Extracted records
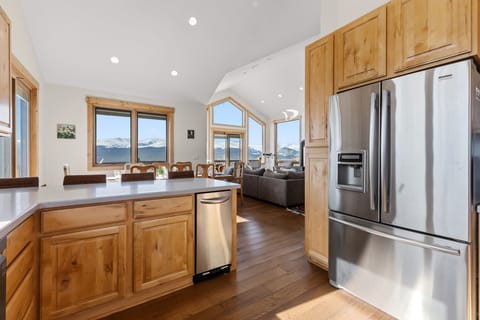 Kitchen: Open-concept layout, breakfast bar seating, stainless steel appliances, and radiant floor heat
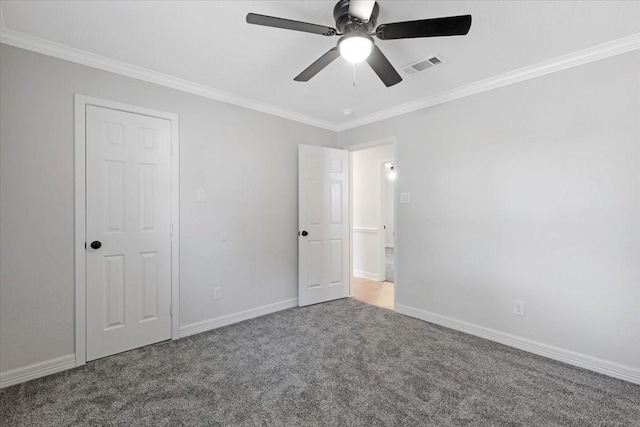 unfurnished bedroom with carpet flooring, ceiling fan, and crown molding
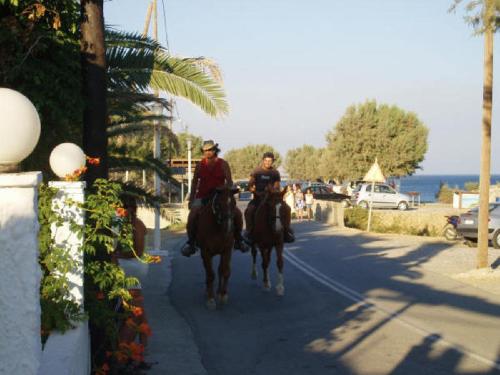two people are riding horses down a street at Seaside Studios Kirania in Kiotari
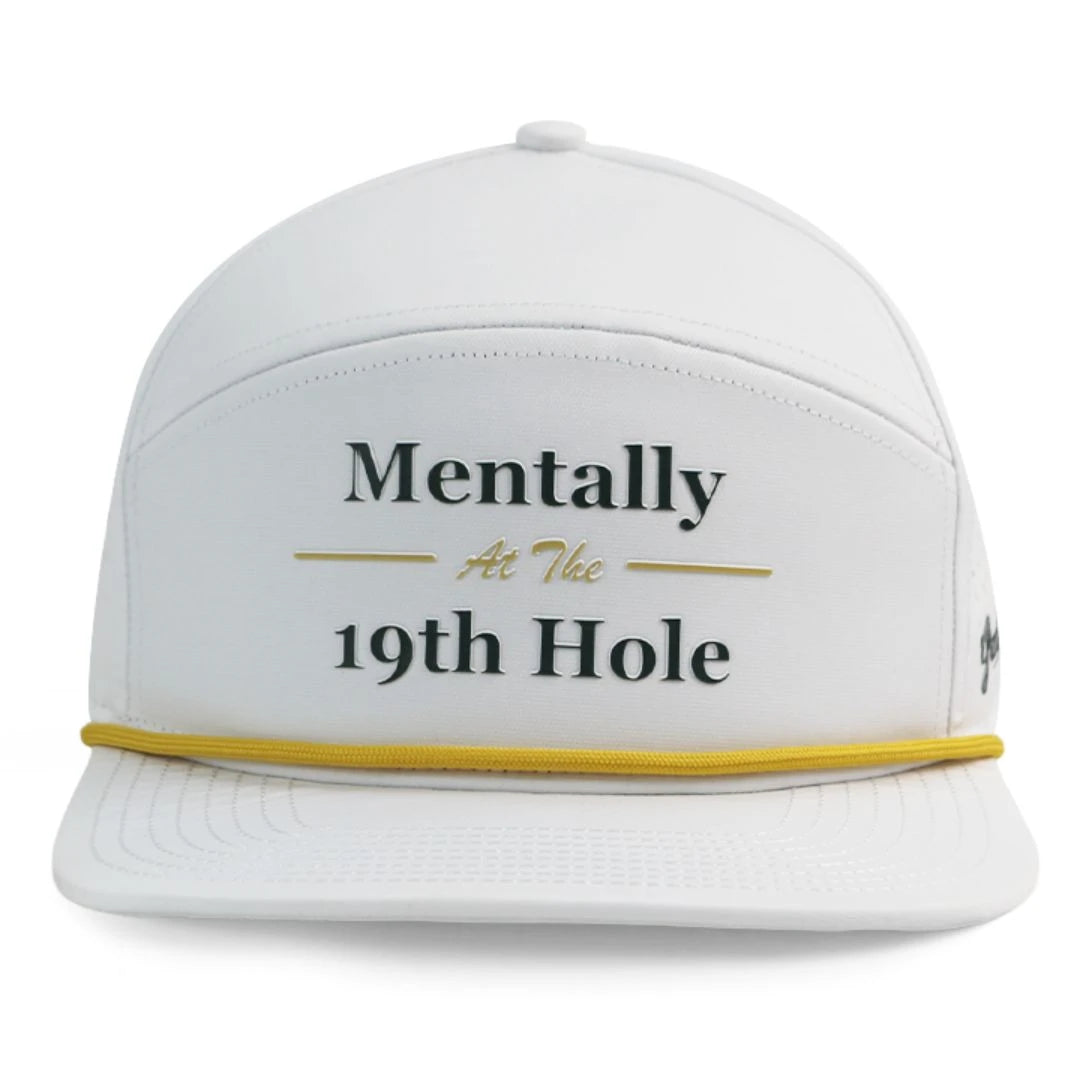 The Mentally 19th Hat by Grunk Dolfer is a white performance golf hat with yellow trim and Mentally At The 19th Hole embroidered on the front—perfect style for on or off the course.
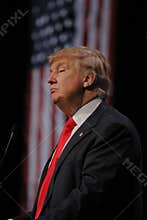 LAS VEGAS NEVADA, DECEMBER 14, 2015: Republican presidential candidate Donald Trump profile and flag at campaign event at Westgate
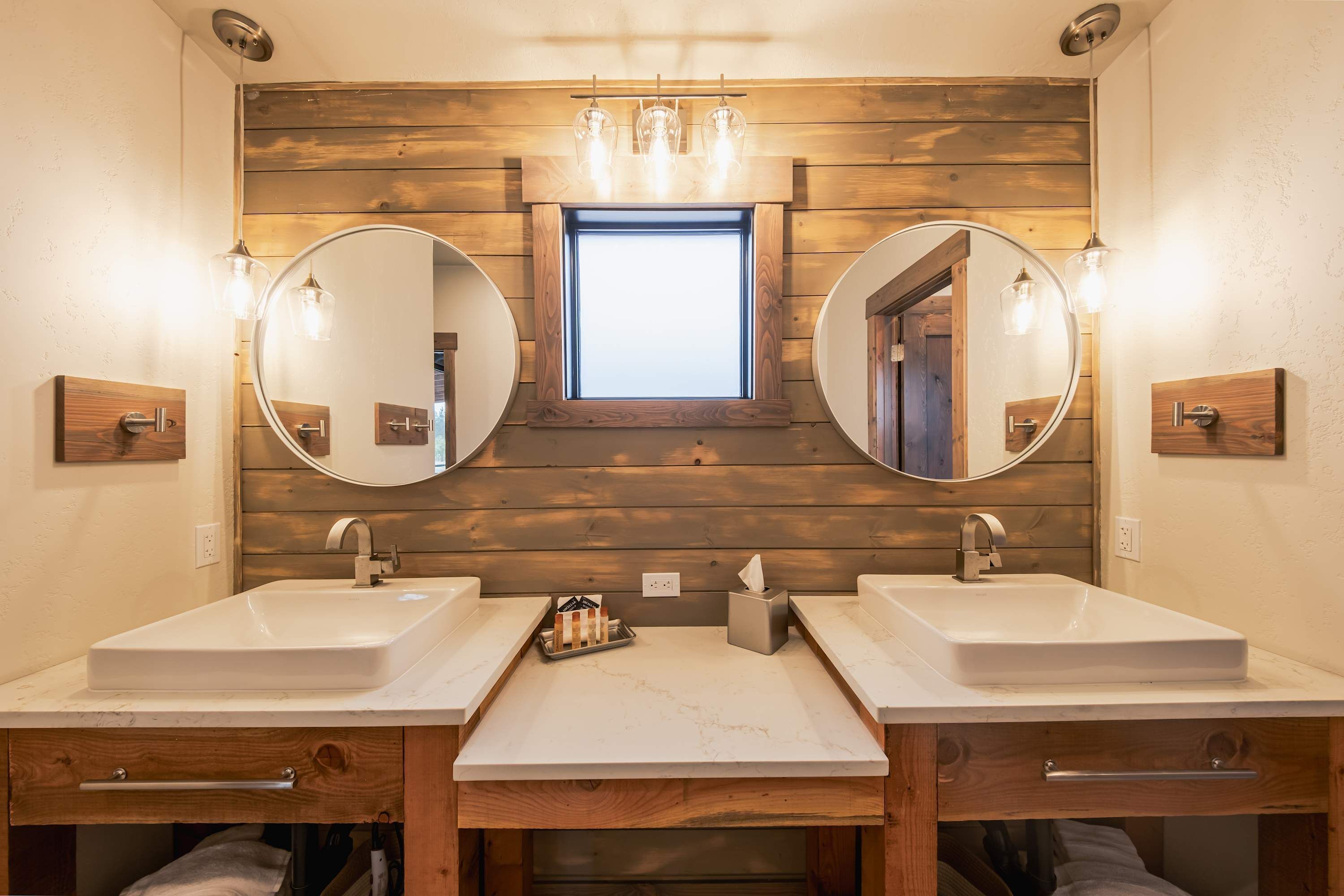A bathroom with two sinks, wooden paneling, and a skylight.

- Exercise goal
Each line of the data needs to be output exactly, with any image excluded.

- Task solution
 Kitchen: Open-concept layout, breakfast bar seating, stainless steel appliances, and radiant floor heat
 unfurnished bedroom with carpet flooring, ceiling fan, and crown molding
two people are riding horses down a street at Seaside Studios Kirania in Kiotari
 The Mentally 19th Hat by Grunk Dolfer is a white performance golf hat with yellow trim and Mentally At The 19th Hole embroidered on the front—perfect style for on or off the course.
 LAS VEGAS NEVADA, DECEMBER 14, 2015: Republican presidential candidate Donald Trump profile and flag at campaign event at Westgate
A bathroom with two sinks, wooden paneling, and a skylight.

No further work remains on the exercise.